Anzitutto, in tema di normativa applicabile alla prescrizione dell’azione disciplinare, viene ricordato che la relativa fonte è legale e non deontologica; di talchè, resta operante il criterio generale dell’irretroattività delle norme in tema di sanzioni amministrative, restando quindi inapplicabile, a fatti antecedenti, lo jus superveniens introdotto con l’art. 56, comma 3, della legge n. 247/12 (cfr. ex multis, Cass. SSUU, 25 marzo 2019, n. 8313).

Per quanto concerne il profilo del dies a quo di decorrenza della prescrizione, il C.N.F. ricorda preliminarmente che è necessario stabilire se le violazioni deontologiche contestate all’incolpato siano di carattere istantaneo, id est violazioni che si consumano o si esauriscono al momento stesso in cui vengono realizzate, o se le stesse risultino integrate da condotte protrattesi e mantenute nel tempo, costituendo illeciti c.d. permanenti. La decorrenza del termine prescrizionale ha inizio, infatti, dalla data della commissione del fatto nel primo caso e da quella della cessazione della condotta nel secondo.

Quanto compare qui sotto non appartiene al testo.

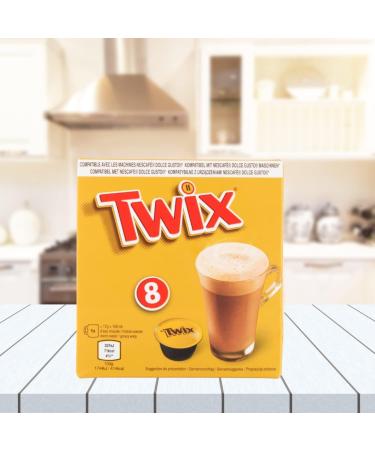 Mars Hot Chocolate Pods XL Bundle - Dolce Gusto Compatible Pods - (NEW Additions) Snickers Bounty Mars Twix Milky Way & Maltesers - 48 Pods (8 x 6) - Buy Online on GoSupps.com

Viene poi trattata la questione degli atti interruttivi della prescrizione ricordando che l’interruzione del termine quinquennale di prescrizione dell’azione disciplinare nei confronti degli esercenti la professione forense è diversamente disciplinata nei due distinti procedimenti del giudizio disciplinare: nel procedimento amministrativo, quale è quello di fronte ai COA e ai CDD, trova applicazione l’art. 2945, primo comma cod. civ., secondo cui per effetto e dal momento dell’interruzione inizia un nuovo periodo di prescrizione; nella fase giurisdizionale davanti al Consiglio Nazionale Forense opera invece il principio dell’effetto interruttivo permanente di cui al combinato disposto degli artt. 2945, secondo comma e 2943 cod. civ., effetto che si protrae durante tutto il corso del giudizio e nelle eventuali fasi successive dell’impugnazione, fino al passaggio in giudicato della sentenza.

Il C.N.F. passa quindi ad analizzare l’ipotesi, per vero non rara, in cui nelle more del procedimento disciplinare intervenga una transazione tra l’esponente e l’incolpato, ovvero una rinuncia all’esposto da parte del primo. Ebbene, è principio pacifico del Consiglio Nazionale Forense che l’azione disciplinare non rientra nella disponibilità delle parti, sicché la rinuncia all’esposto da parte dei soggetti esponenti così come l’eventuale dichiarazione delle parti di essere pervenute ad una risoluzione bonaria della controversia non condiziona né implica l’estinzione o l’interruzione del procedimento, né attenua la gravità del comportamento dell’incolpato.

Infine, il caso in esame porta poi il C.N.F. a trattare uno dei temi più all’ordine del giorno nell’esercizio della professione forense in questi ultimi anni, ossia la condotta dell’Avvocato volta all’acquisizione della clientela con modi non conformi alla correttezza ed al decoro della professione forense. Sul punto, si ammonisce quindi ancora una volta che sebbene sia ammissibile offrire di svolgere l’attività professionale forense a titolo gratuito, non è invece accettabile né rispettoso dei principi deontologici utilizzare l’apparente gratuità della prestazione per accaparrarsi clienti che, altrimenti, potrebbero non conferire l’incarico.